IBM entend utiliser des L-couplers pour connecter plusieurs processeurs en un système quantique plus vaste d’ici 2027. Ce système doit contenir au moins 1 000 qubits programmables disponibles pour des charges de travail informatiques directes, ce qui fait de la plateforme de refroidissement modulaire un élément important de l’infrastructure de la feuille de route quantique en expansion d’IBM.

Plus tard cette année, IBM installera des processeurs Quantum Nighthawk à l’intérieur des modules cryogéniques pour de nouveaux tests opérationnels. Ces installations permettront à IBM d’évaluer les performances du système à mesure qu’elle augmente la densité des processeurs et la capacité de connexion, tandis que les ingénieurs testeront et amélioreront indépendamment plusieurs composants intégrés à la nouvelle architecture modulaire.

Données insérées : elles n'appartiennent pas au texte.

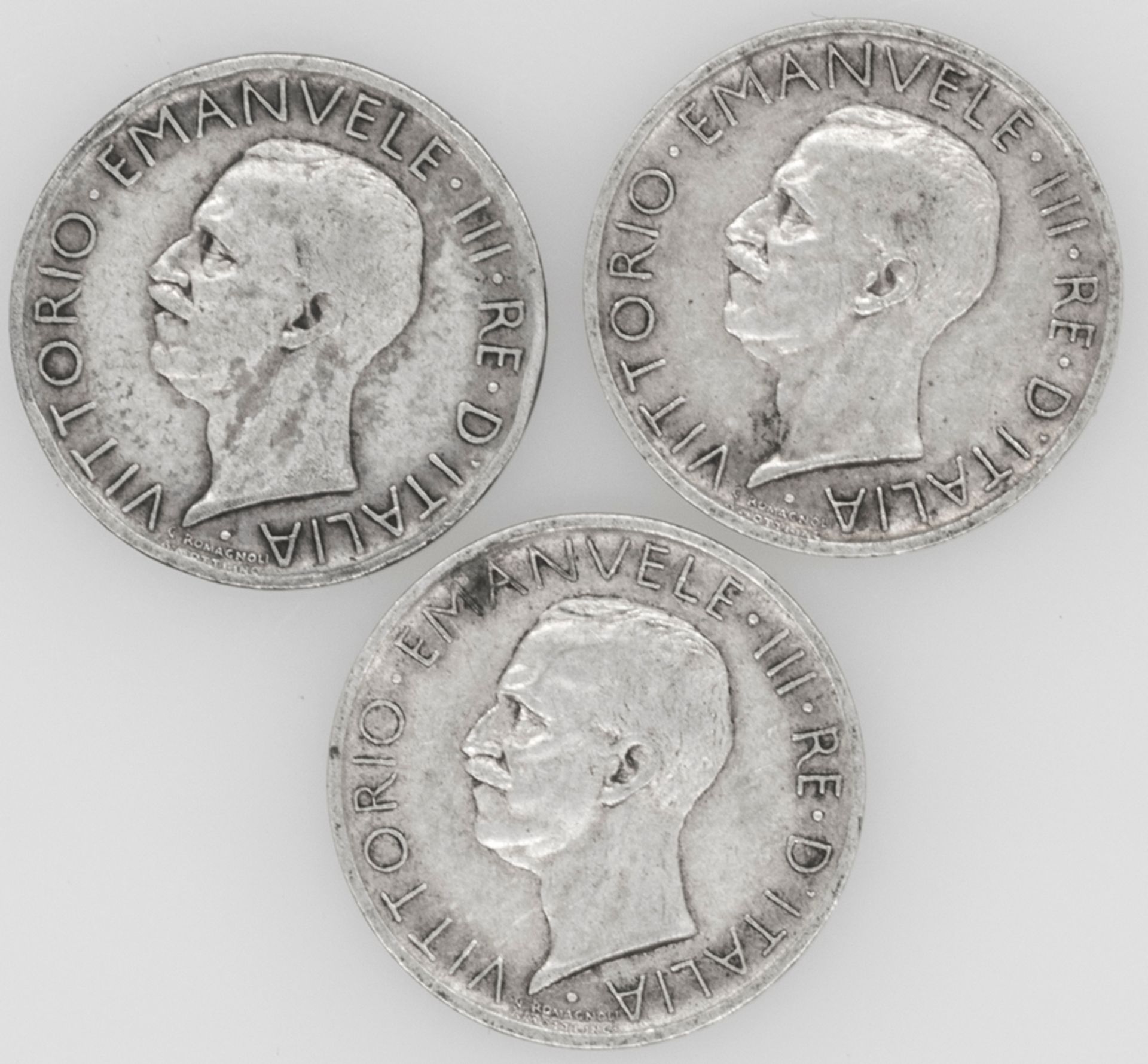 Italien 1926/27, drei 5 Lire - Silbermünzen, "Vittorio Emanuele III." Erhaltung: ss. - Bild 2 aus 2
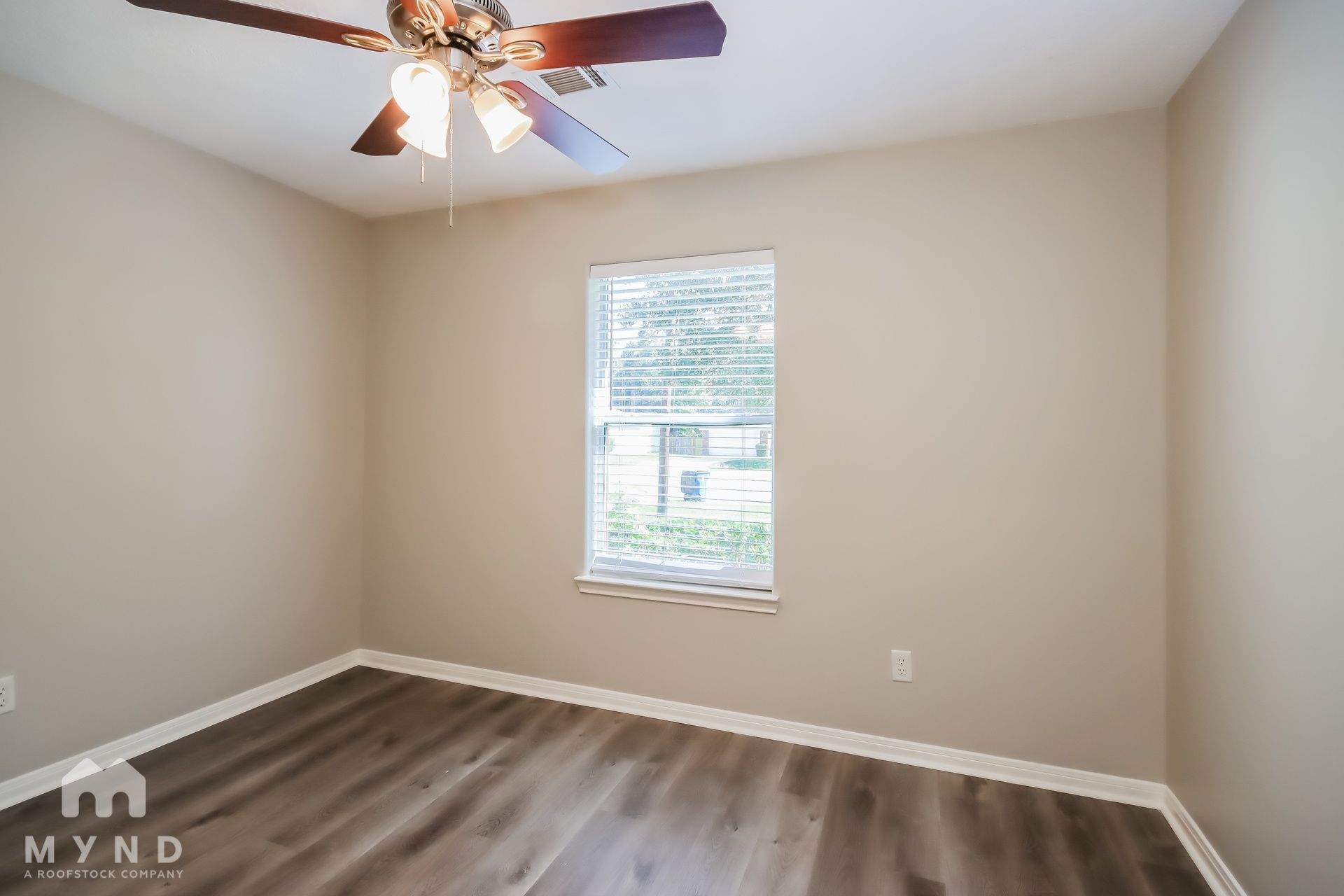 Building Photo - 16376 River Fall Ct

La conception intègre trois composants environnementaux essentiels actuellement utilisés dans IBM Quantum System Two. Cependant, IBM a restructuré ces composants afin que les équipes puissent tester et améliorer chaque partie indépendamment. Selon la société, cette approche pourrait accélérer le développement matériel tout en réduisant les contraintes associées aux tests d’un environnement de refroidissement entièrement intégré.

IBM fait progresser le développement de Quantum Starling pour 2029

Cette dernière étape soutient le plan plus large d’IBM visant à livrer Quantum Starling au cours de 2029. IBM s’attend à ce que Starling devienne un ordinateur quantique tolérant aux fautes à grande échelle, construit autour d’une infrastructure modulaire, et chaque module cryogénique pourrait à terme contenir des milliers de qubits à mesure que la société étend le système.

IBM a présenté ses plans pour Starling en parallèle d’une approche de correction d’erreurs conçue pour réduire les ressources physiques nécessaires à l’informatique tolérante aux fautes. Depuis lors, la société a démontré d’importants composants matériels et amélioré les méthodes de décodage efficace de la correction d’erreurs. Ces avancées répondent à des exigences techniques liées à la conception des processeurs, au décodage, à l’ingénierie des systèmes et à la fiabilité des opérations quantiques.

L’informatique quantique tolérante aux fautes vise à maîtriser les erreurs qui limitent actuellement la taille et la fiabilité des calculs quantiques. IBM consacre depuis des années le développement de processeurs, de logiciels, d’infrastructures de refroidissement et de méthodes de correction d’erreurs pour des systèmes quantiques plus vastes, et les modules cryogéniques connectés ajoutent désormais un autre élément d’infrastructure soutenant la transition prévue de la société vers une informatique quantique tolérante aux fautes et évolutive.